Halbuki namahreme bakmamak, doğru yoldan sapmamak, namusunu iyi korumak, şehvete esir, nefse köle, şeytana maskara olmamak şart, farz, zaruri, zorunlu, mecburi. Çünkü toplum düzeni, aile nizamı, dinin kıvamı, ahlâkın devamı buna bağlı.

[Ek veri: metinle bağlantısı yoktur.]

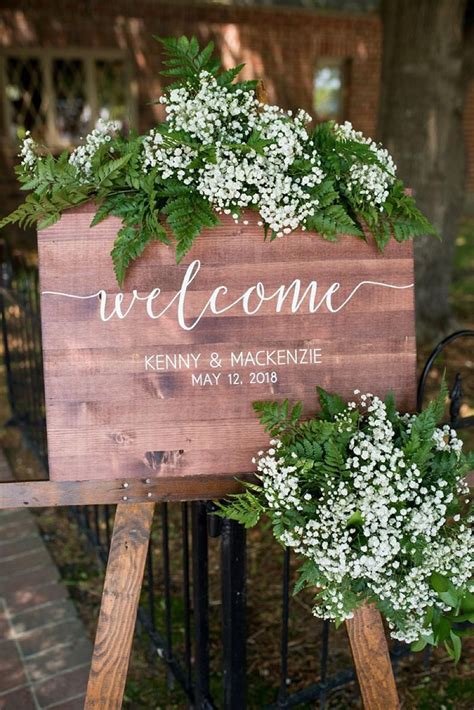 Wooden Welcome Wedding Sign With Babys Breath And Greenery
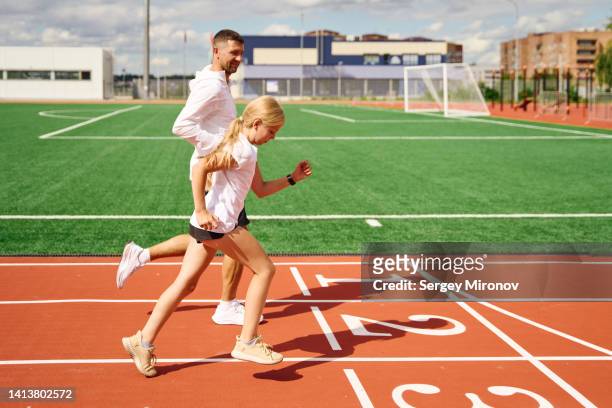 father with daughter together running on track and field stadium - running coach stock pictures, royalty-free photos & images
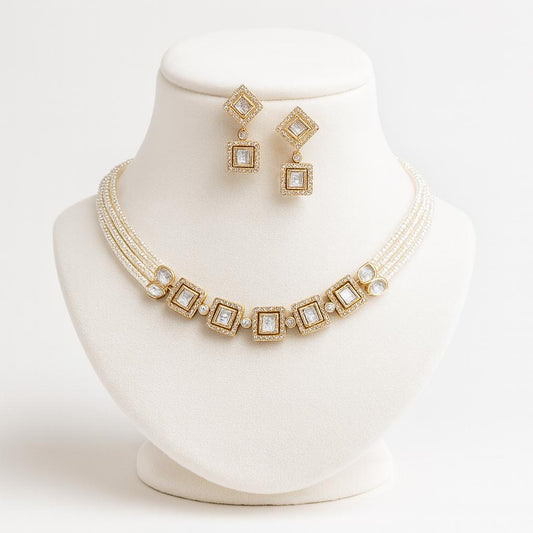 Dolce gold pearl kundan necklace set displayed on white bust with symmetrical alignment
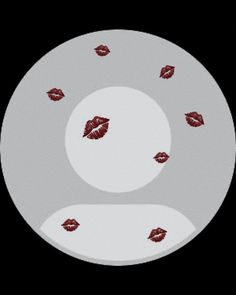 a white plate with red lipstick on it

Nefis, keyif ehlidir, zevkperesttir, havâîdir, haylazdır, yaramazdır. Saz ister, söz ister, çalgı ister tatlı ister, tuzlu ister, turşu ister, kadayıfı bulur kaymak ister, istirahatı bulur, şak şak ister, zengin olur makam ister, rıyaset ister, izzet ü itibar, kudret u iktidar ister. Başkan olur saray ister, kumaş bulur ipek ister, sıhhat bulur, rahat bulur tantana, saltanat, sanat, bale, orkestra, heykel, anıt ister, nam u şan ister; sade giyinmez, süs, zinet, pırlanta, zümrüt, yakut, mücevher ister, köşk bulur yalı ister, yalı bulur yağlı boya tablo, antika eşya ister...

Hasılı, cihanı mahveden, halkları kahreden nefistir, diktatörleri savaşa sürükleyen nefistir, hırsıza hırsızlığı yaptıran nefistir, rüşvetçiye rüşveti aldıran nefistir, zalime mazlumu sömürttüren nefistir, kâfirin mümin olmasını engelleyen nefistir, cihanı fesada veren nefistir, ahireti mahvettiren nefistir, kişiyi Allah'ın kahrına uğratan nefistir, cehennemde çatır çatır, cayır cayır yandıran nefistir.

O halde bu zalim nefsi mutlaka ıslâh etmek lâzımdır, onu müslüman yapmak şarttır, kurtuluş için başka yol yoktur, iki cihanda rahata, felaha ermek, iflah olmak, saadet bulmak nefsi terbiye ve tezkiye eylemekle mümkündür.

Nefsini terbiye eden, insan-ı kâmil olur, halkça matlub, Hakk'a mahbub olur, iki cihanda aziz ve şerif, berhurdar ve bahtiyar olur. Ne mutlu nefsini ıslâh edip, Müslüman eyleyebilenlere!

Bu ramazan ayı, bu oruç, bu teravih, bu zikir, bu Kuran, bu ibadat u taat, bu hayrat u hasenat nefsin ıslahı için çok güzel, çok mükemmel, çok muhteşem, çok önemli bir fırsattır.

Bu fırsatı lûtfen, kaçırmamağa çalışın; Allahu taalâ muîniniz olsun!